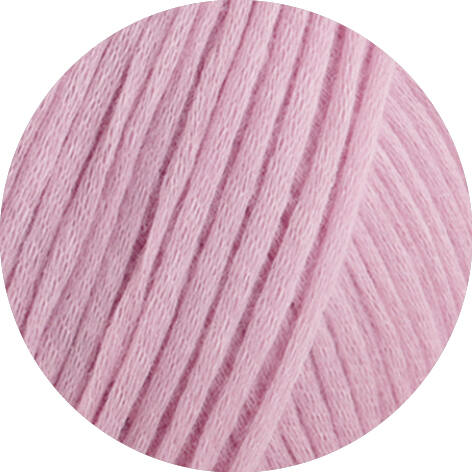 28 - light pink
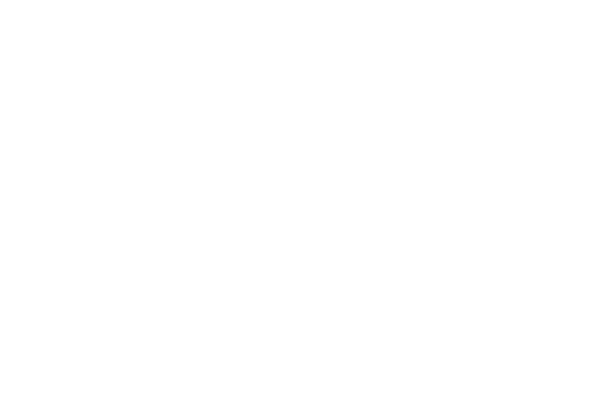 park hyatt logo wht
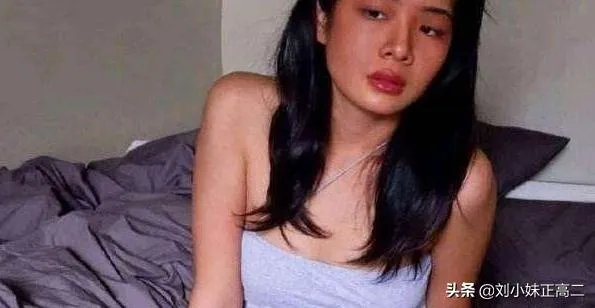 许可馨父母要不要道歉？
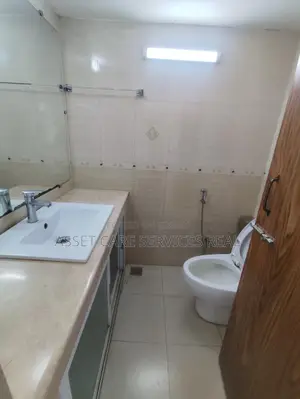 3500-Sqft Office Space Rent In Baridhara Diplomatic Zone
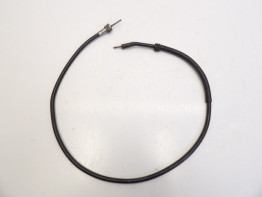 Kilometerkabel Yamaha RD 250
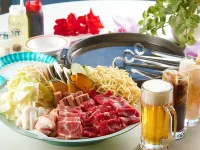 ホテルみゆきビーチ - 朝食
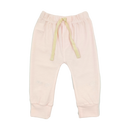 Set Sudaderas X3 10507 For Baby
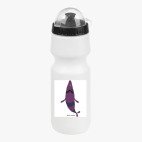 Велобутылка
--
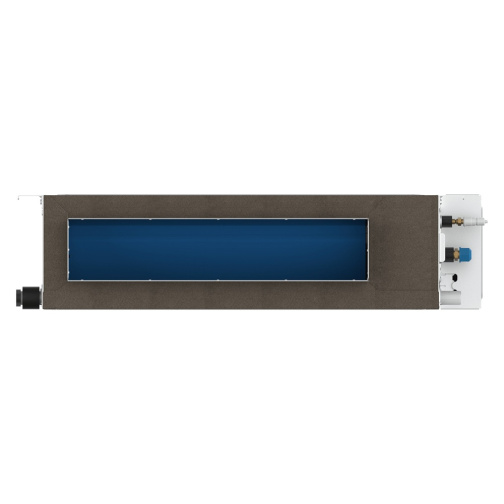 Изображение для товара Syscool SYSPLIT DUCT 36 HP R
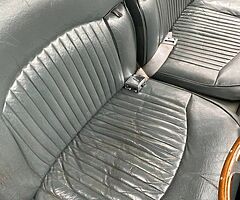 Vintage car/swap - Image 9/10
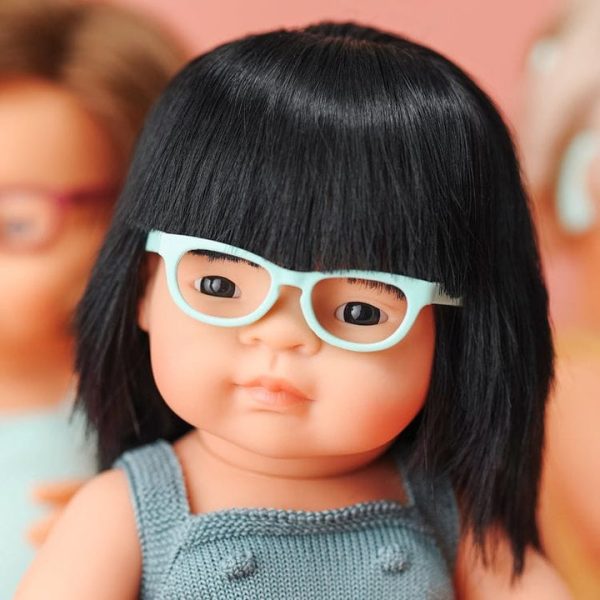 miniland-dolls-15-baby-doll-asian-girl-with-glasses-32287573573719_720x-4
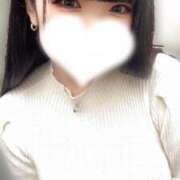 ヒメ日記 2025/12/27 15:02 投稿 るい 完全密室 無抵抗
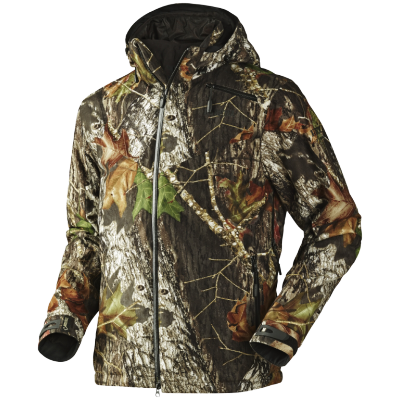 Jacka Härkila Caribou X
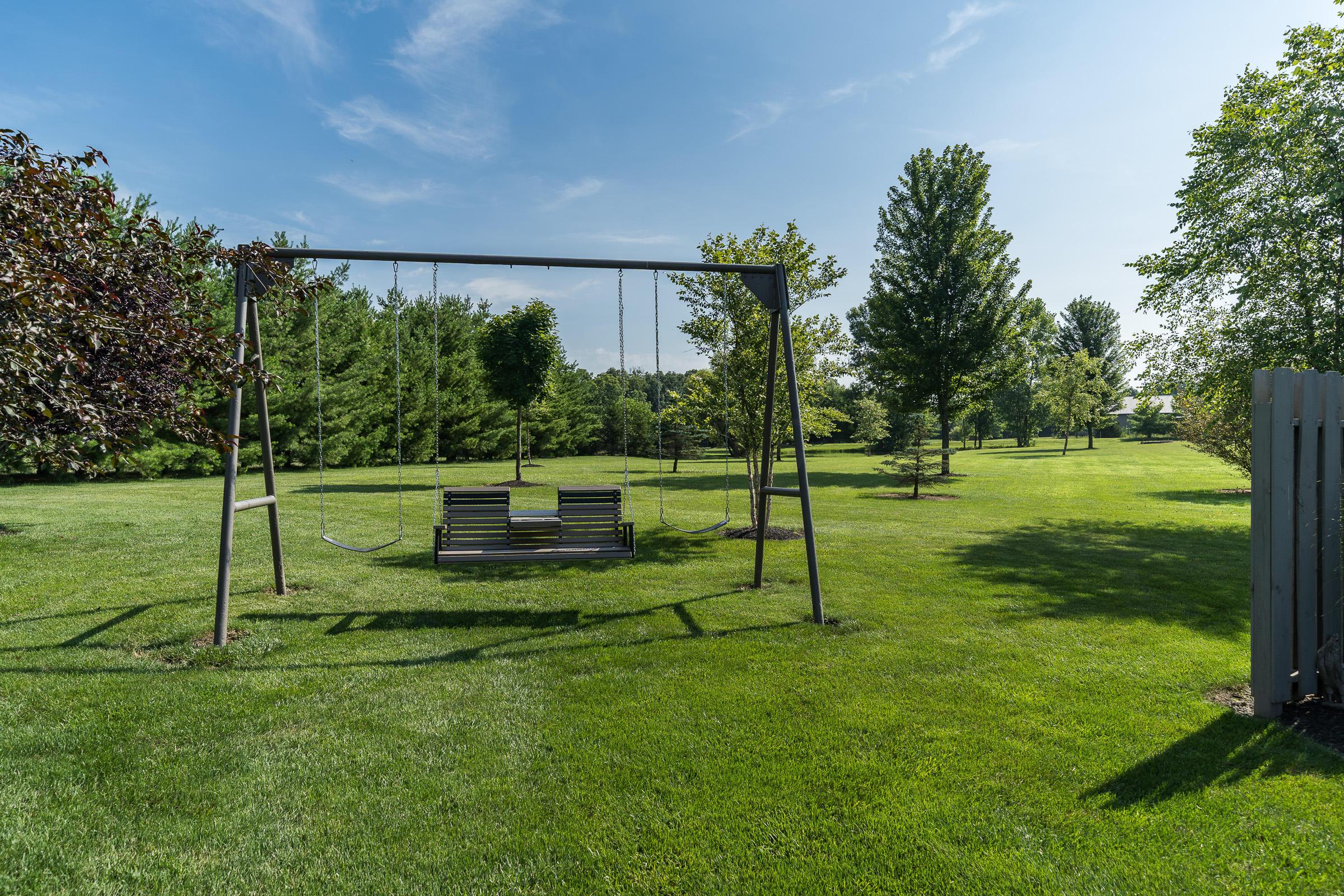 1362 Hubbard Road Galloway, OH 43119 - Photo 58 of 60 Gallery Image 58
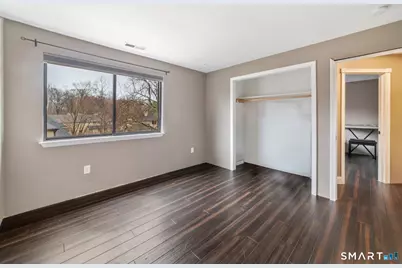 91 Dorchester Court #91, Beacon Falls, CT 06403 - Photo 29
...
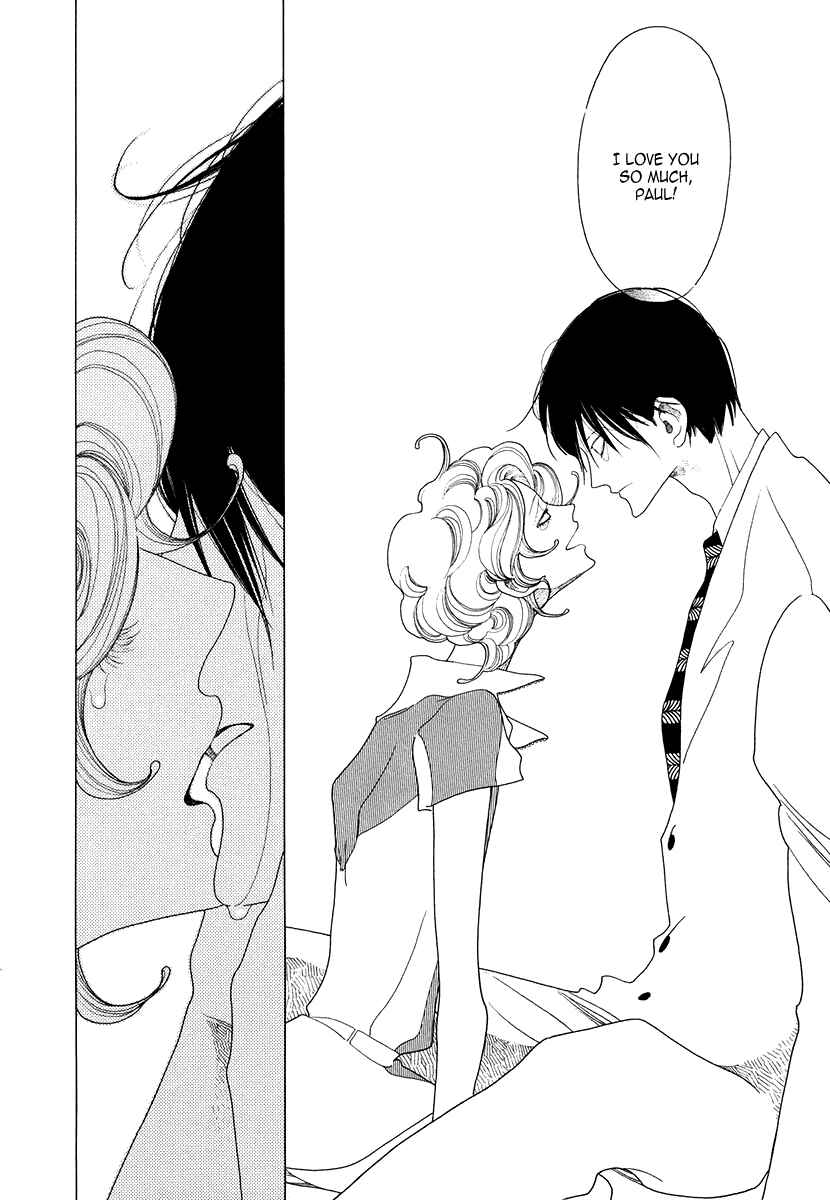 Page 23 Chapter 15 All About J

__ASSIGNED TASK__: Exactly the lines above, from the one containing "Vintage car/swap - Image 9/10" down to the one containing "91 Dorchester Court", are to be repeated, including both ends. Pictures are not part of the copy.

__OUTPUT OF THE EXERCISE__:
 Vintage car/swap - Image 9/10
 miniland-dolls-15-baby-doll-asian-girl-with-glasses-32287573573719_720x-4
 ヒメ日記 2025/12/27 15:02 投稿 るい 完全密室 無抵抗
 Jacka Härkila Caribou X
 1362 Hubbard Road Galloway, OH 43119 - Photo 58 of 60 Gallery Image 58
 91 Dorchester Court #91, Beacon Falls, CT 06403 - Photo 29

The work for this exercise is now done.